Description of the task ▸
Below are the records; repeat exactly their lines between the line holding "Milwaukee 2761 - 20" and the line holding "AKG D5 динамический вокальный микрофон", inclusive, skipping the pictures.
[Opening Exercise inputs section]
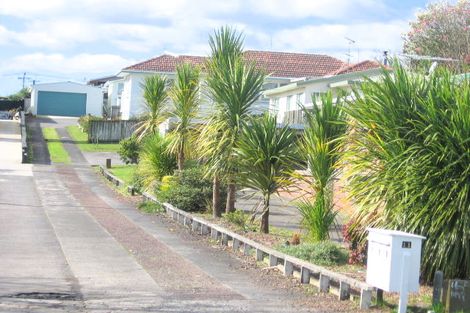 Photo of property in 11b View Road, Papakura, 2110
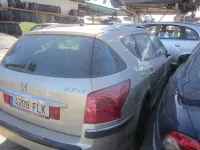 Imagen del vehículo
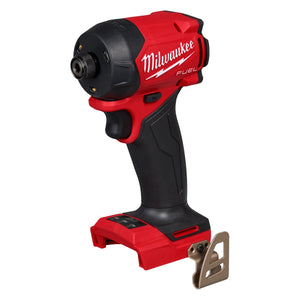 Milwaukee 2761 - 20 M18 FUEL™ SURGE™ 1/4" Hex Hydraulic Driver - Mississauga Hardware Centre Inc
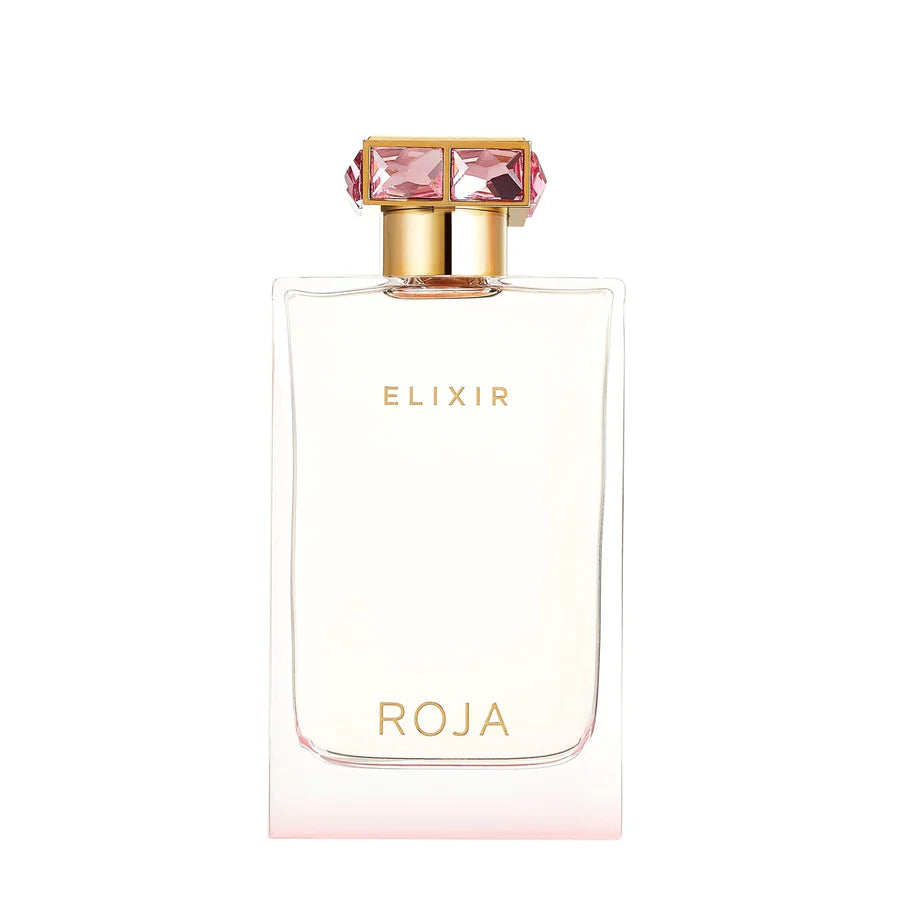 Roja Parfums Elixir Pour Femme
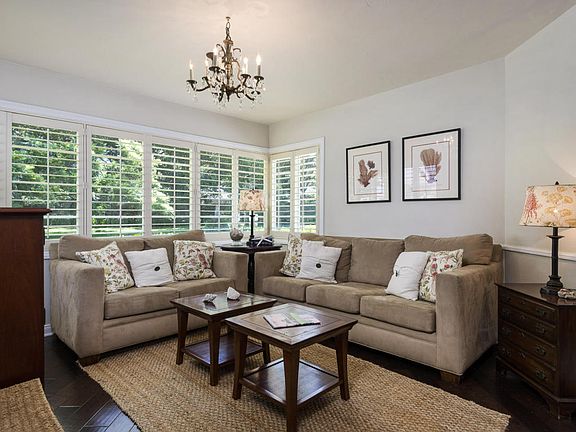 5th image of 4125 Lago Dr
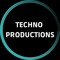 Techno Ghost Producer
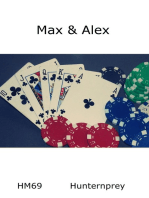 Max & Alex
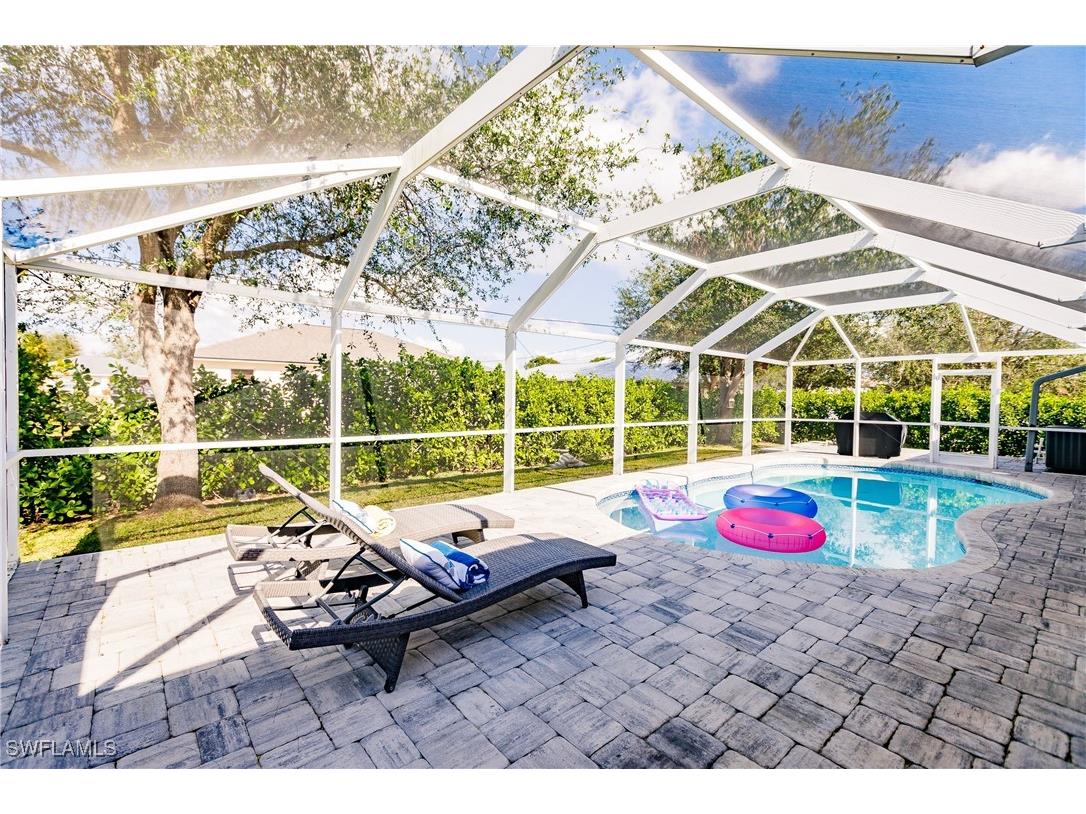 109 SW 20th Street Cape Coral FL 33991 225015867 image31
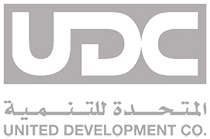 United Development Company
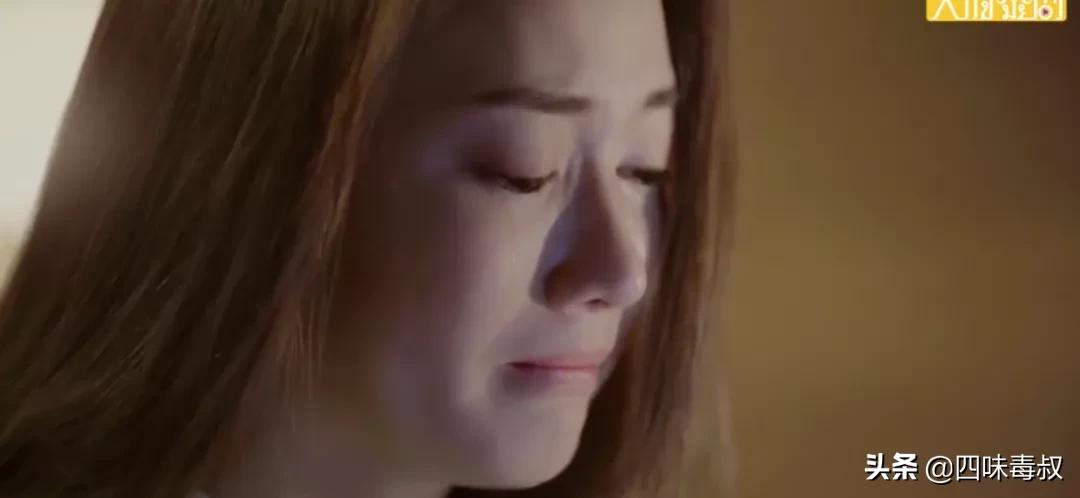 全部的泰国电视剧,泰国全剧有24集的电视剧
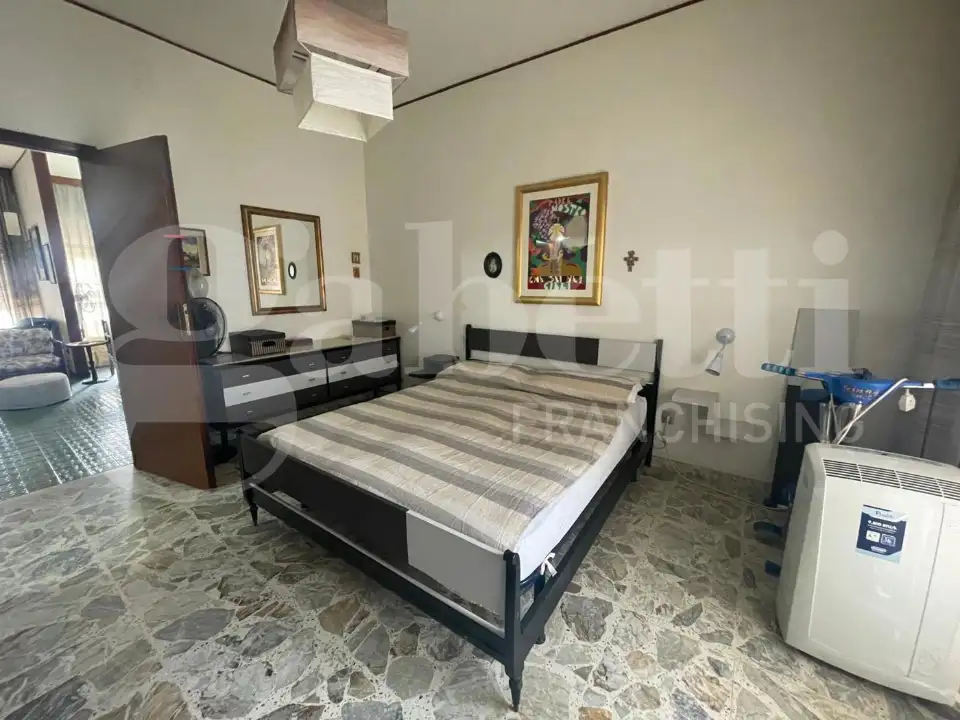 Appartamento - Image 12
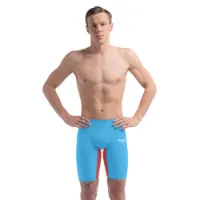 Speedo Fastskin Lzr Pure Valor 2.0 Jammer male
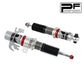 FAPO PF Custom 32-Level Coilovers Pontiac G8 2008-2009 sedan & Holden Caprice 3rd Gen VM 2006-2013 [PF008030-CUSTOM]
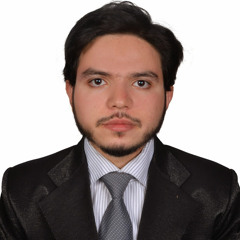 Mohammed Sayeed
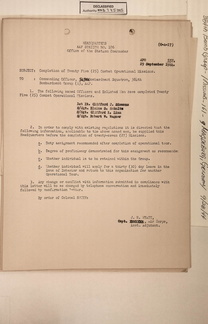 1944-09-28 201 S-1 1586-10-012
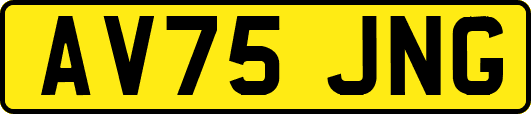 AV75JNG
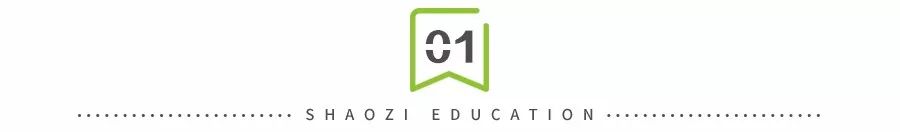 面对瑞幸普通咖啡馆怎么办,面对瑞幸的挑战星巴克怎么办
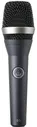 AKG D5 динамический вокальный микрофон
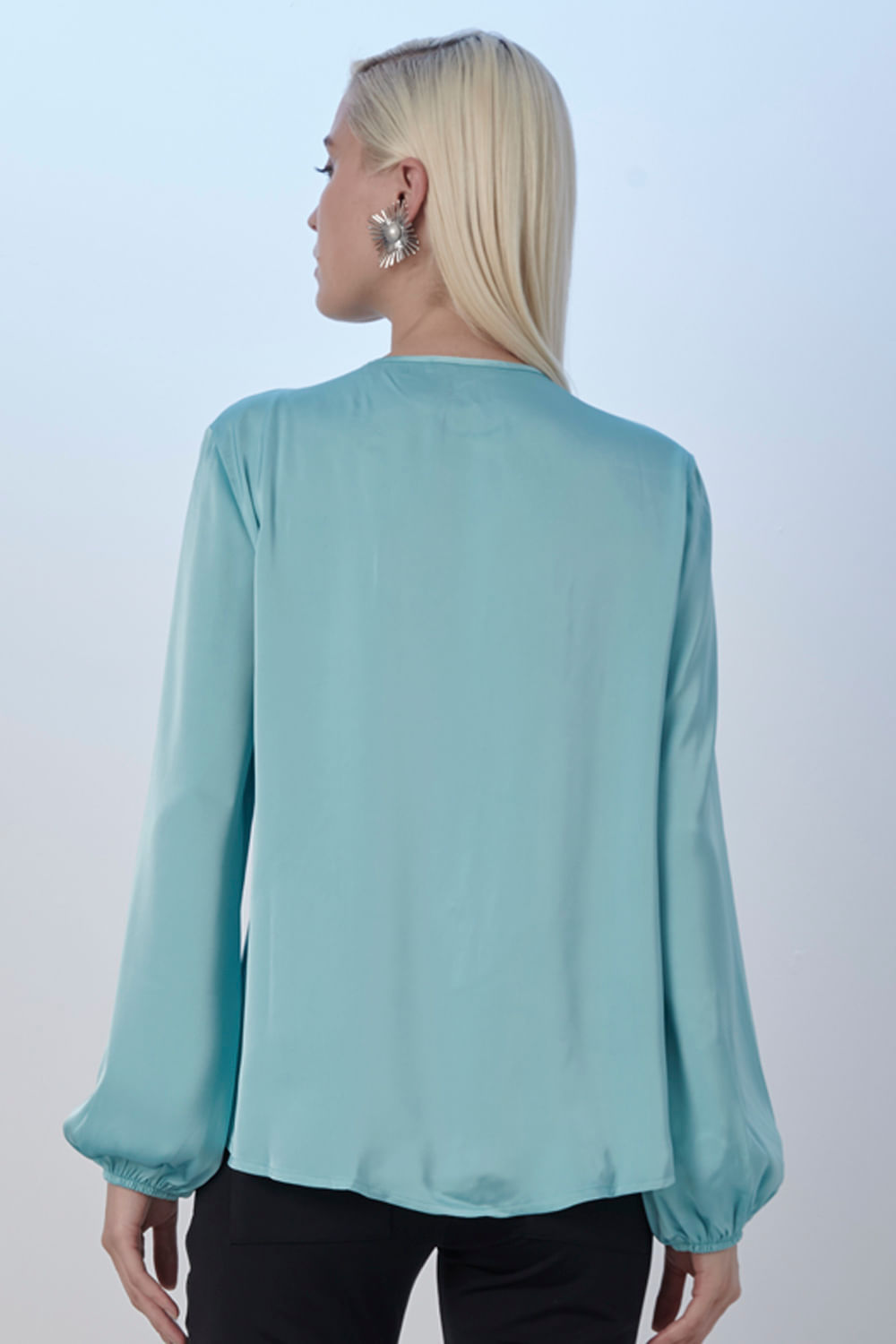 image-ed5878dbc8b94f8b9f6651a3e58794f6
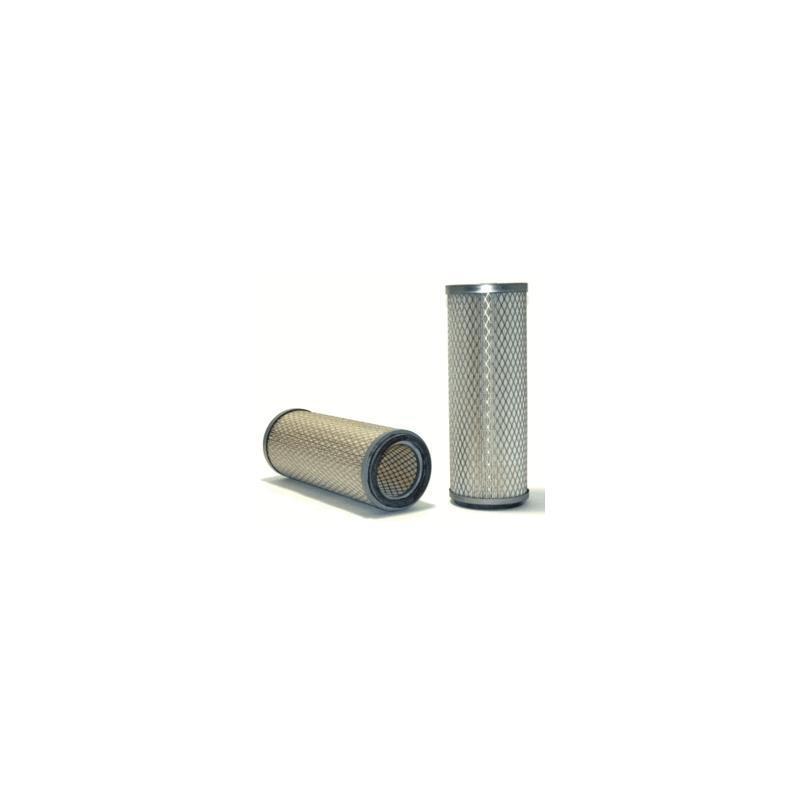Wix 42536 Air Filter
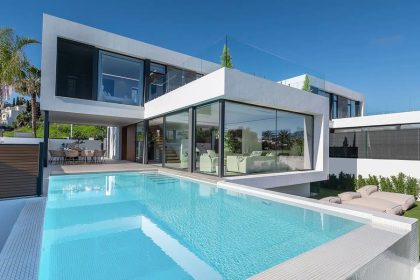 b509928088efde690d8a2721898e607d - 24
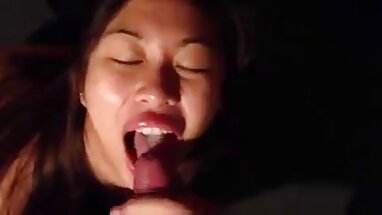 UROLOGIN HỖN HỢP massage kích dục xnxx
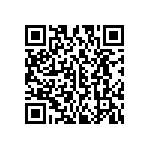 PCN10C-32S-2-54DSA-72 QRCode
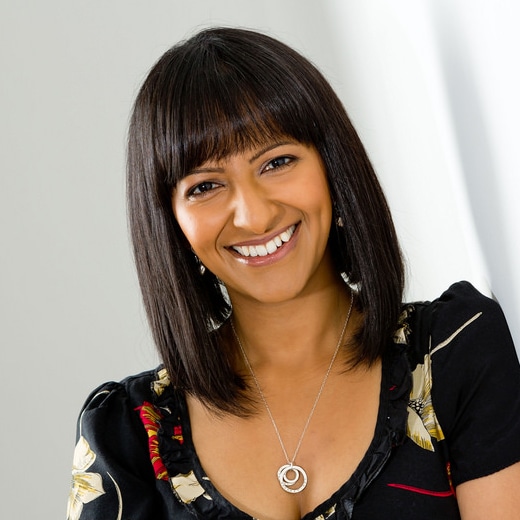 Ranvir-Singh-broadcast-journalist-at-Great-British-Speakers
[Closing Exercise inputs section]
Answer to this task ▸
 Milwaukee 2761 - 20 M18 FUEL™ SURGE™ 1/4" Hex Hydraulic Driver - Mississauga Hardware Centre Inc
 Roja Parfums Elixir Pour Femme
 5th image of 4125 Lago Dr
 Techno Ghost Producer
 Max & Alex
 109 SW 20th Street Cape Coral FL 33991 225015867 image31
 United Development Company
 全部的泰国电视剧,泰国全剧有24集的电视剧
 Appartamento - Image 12
 Speedo Fastskin Lzr Pure Valor 2.0 Jammer male
 FAPO PF Custom 32-Level Coilovers Pontiac G8 2008-2009 sedan & Holden Caprice 3rd Gen VM 2006-2013 [PF008030-CUSTOM]
 Mohammed Sayeed
 1944-09-28 201 S-1 1586-10-012
 AV75JNG
 面对瑞幸普通咖啡馆怎么办,面对瑞幸的挑战星巴克怎么办
 AKG D5 динамический вокальный микрофон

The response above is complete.